I’ve mentioned in posts before that one way to manage time more effectively is by employing the ‘eat the frog first’ rule. By tackling my least favourite or most difficult task before embarking on the rest of the day’s work, I get a great sense of achievement as well as feeling more focussed on the tasks ahead that I know I’m going to enjoy.

Many people I know use this method to increase production and whilst I still rate it as one of the best time management tools there is, I have recently been working on a new approach. I call it;

Sugaring the Frog.

Yes I know, it sounds pretty disgusting doesn’t it?

This came about because I began one day to ponder exactly why it was always the same tasks week in, week out that gave me the sense that I was undertaking some kind of amphibian bush tucker trial every working morning.

Yes, I was eating those frogs and getting them out of the way early on but I knew they’d be back the next day, croaking at me as I consumed cup of tea number four, and sitting there by my laptop like green slimy versions of Jabba the Hut.

So I decided to analyse exactly what it was about said frogs that I found so obnoxious and wondered if I might just kiss one and see if I could turn it into a handsome prince.

At random, I picked a frog and studied it, all the while trying to keep a completely open mind.

This dreaded task was a very specific job I had to do for a particular client four or five mornings per week.

The client himself is utterly lovely. I’m extremely fortunate in that all my clients are great people who have interesting businesses that I enjoy working for.

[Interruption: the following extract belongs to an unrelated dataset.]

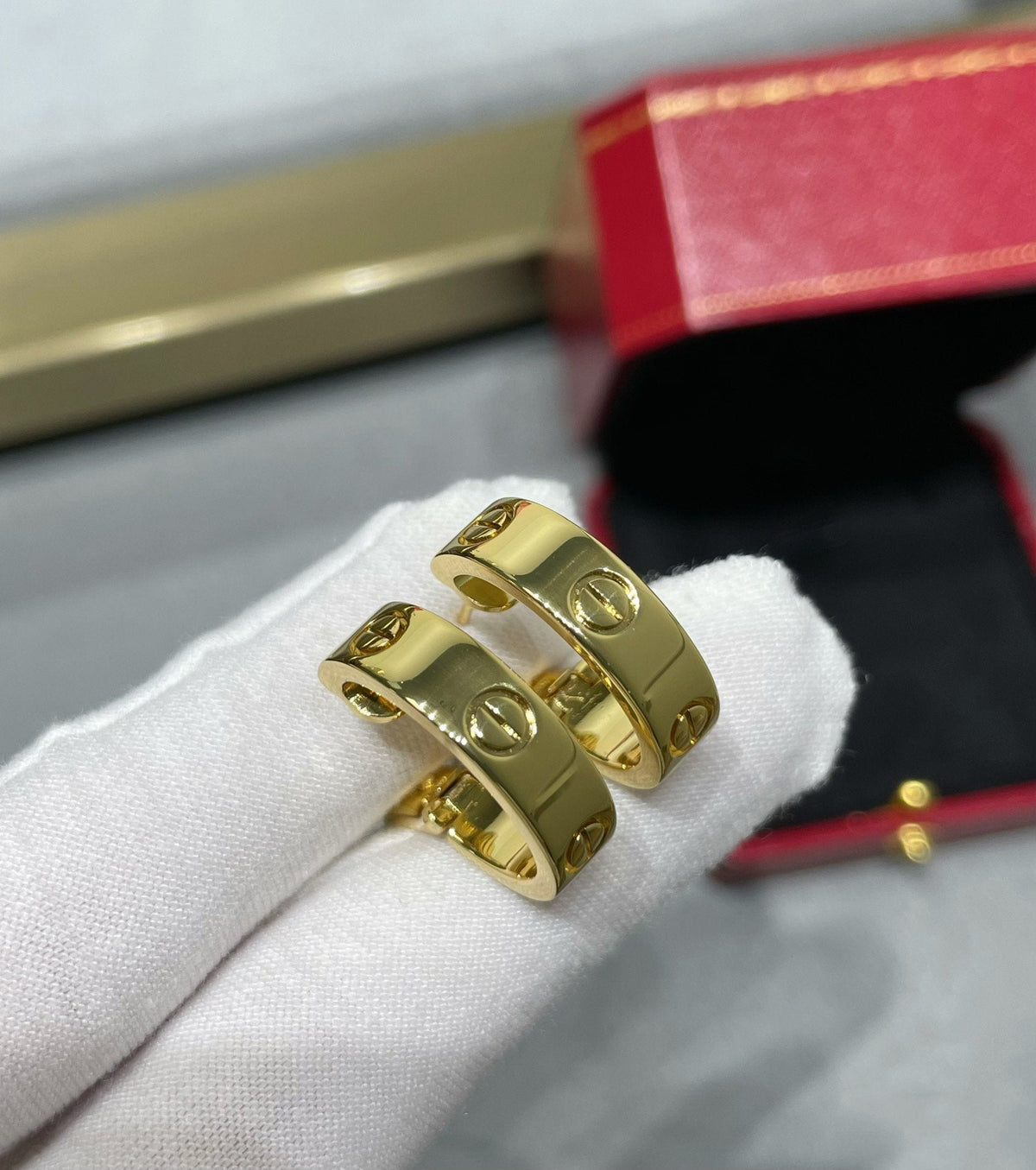 [Regalia Jewelry]LOVE 5.5MM EARRINGS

So I knew it couldn’t be  because of any personal dislike or lack of interest on my part.

The task itself wasn’t particularly difficult. Like 90% of my work it involved writing and while the muse sometimes temporarily abandons me, I pretty much love what I do and would even enjoy writing copy on how to open a crisp packet.

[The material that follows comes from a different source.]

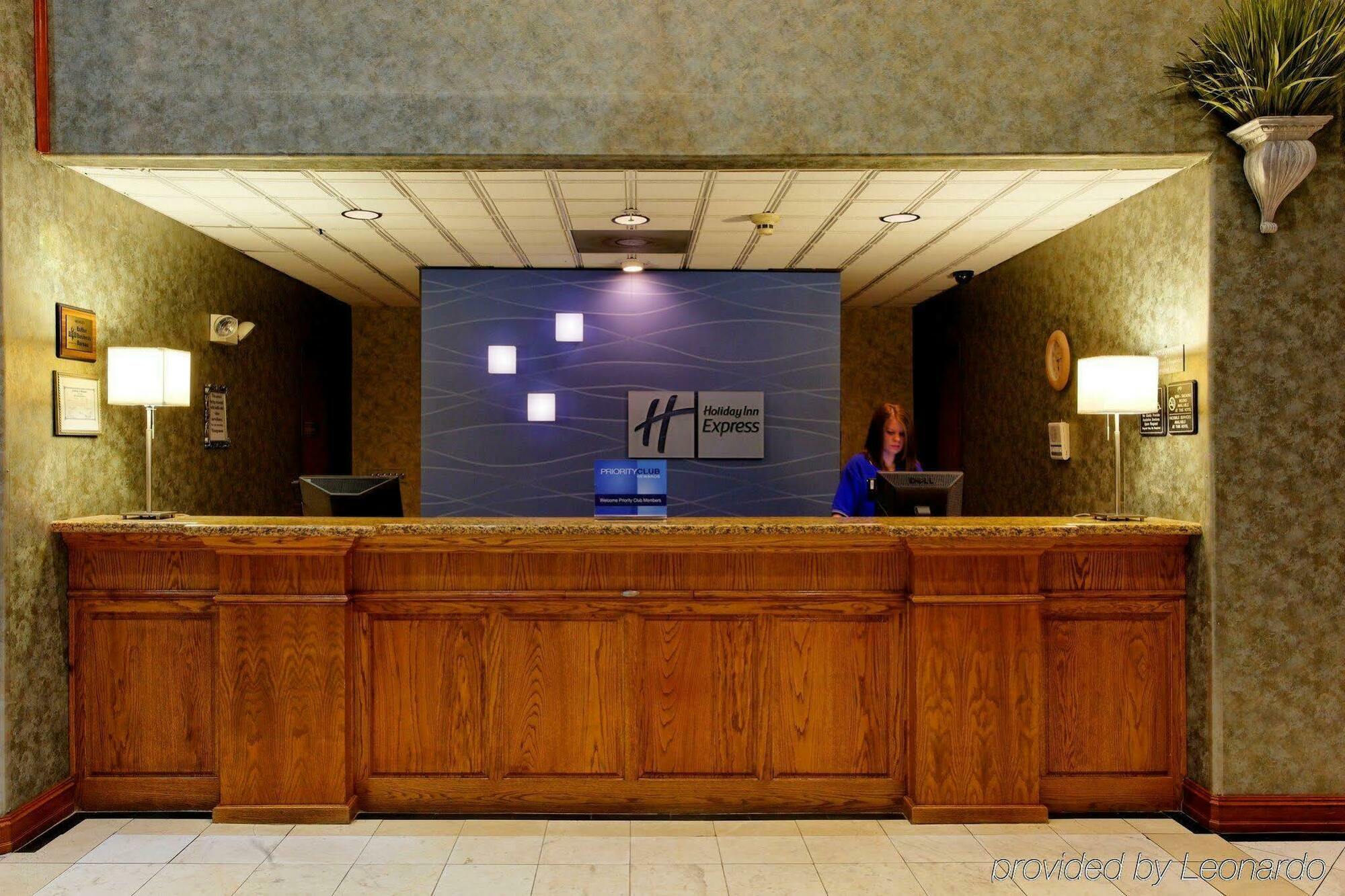 Holiday Inn Express North Tyler Exterior photo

So why did I think of this almost daily task as being a frog to get out of the way?

Eventually, I boiled it down (apologies of you are imagining a frog being boiled. Well if you weren’t, you definitely are now) to one thing;


Because I had been doing this task for so long and because it wasn’t too tricky I had fallen into the trap of approaching it in a haphazard way. I’m a bit of a one for lists, and schedules and measurement and spreadsheets but the way I was going about this job was not following any pattern.

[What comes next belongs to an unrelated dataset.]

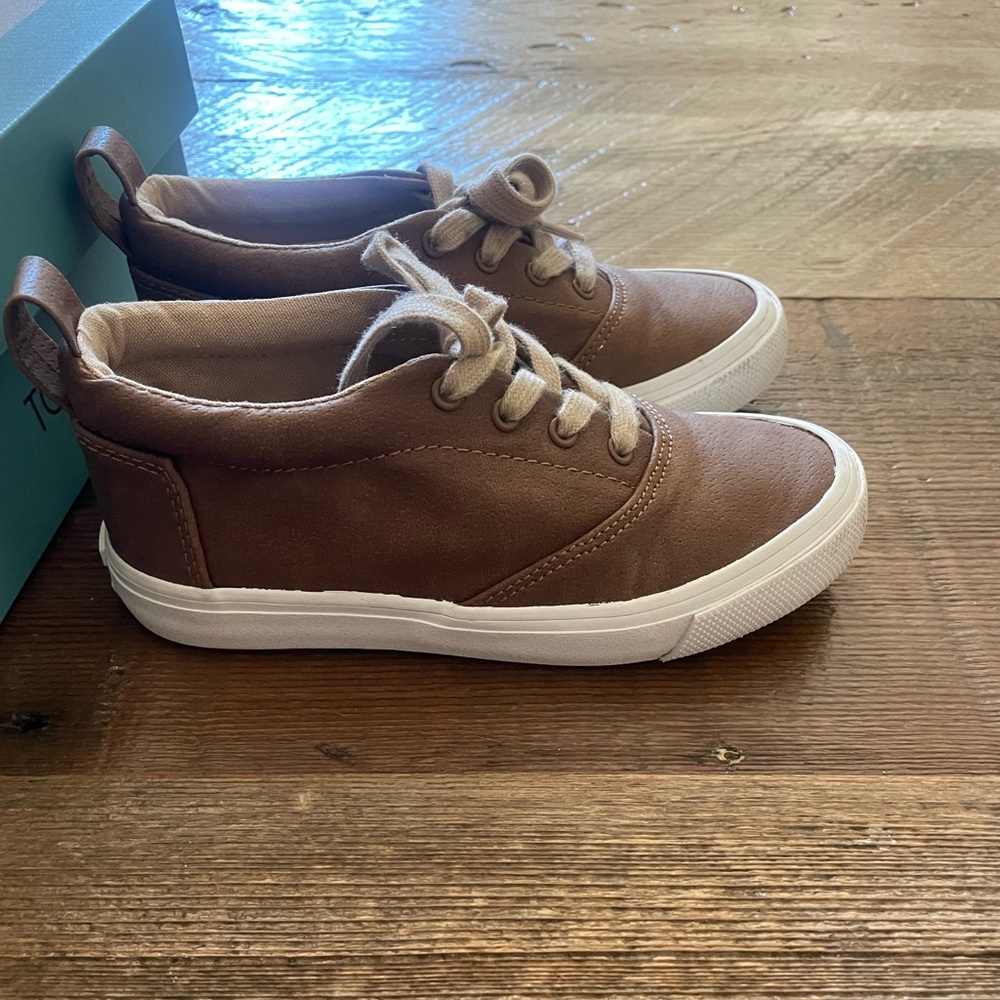 Tom’s boot shoe kid Y12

The task itself wasn’t the problem; it was the feeling it engendered in me. One of mild panic because I was working in quite a random way that meant I didn’t feel in control. I wasn’t in the driving seat of this one.

Instead of the words and subject matter following my lead, I felt as if I was running to keep up. I don’t mean that I have to be ultra-controlling over whatever I write. Part of the creative process is sometimes to let go and allow the words to pick themselves and that often changes the tone or even entire theme of a piece of writing for the better.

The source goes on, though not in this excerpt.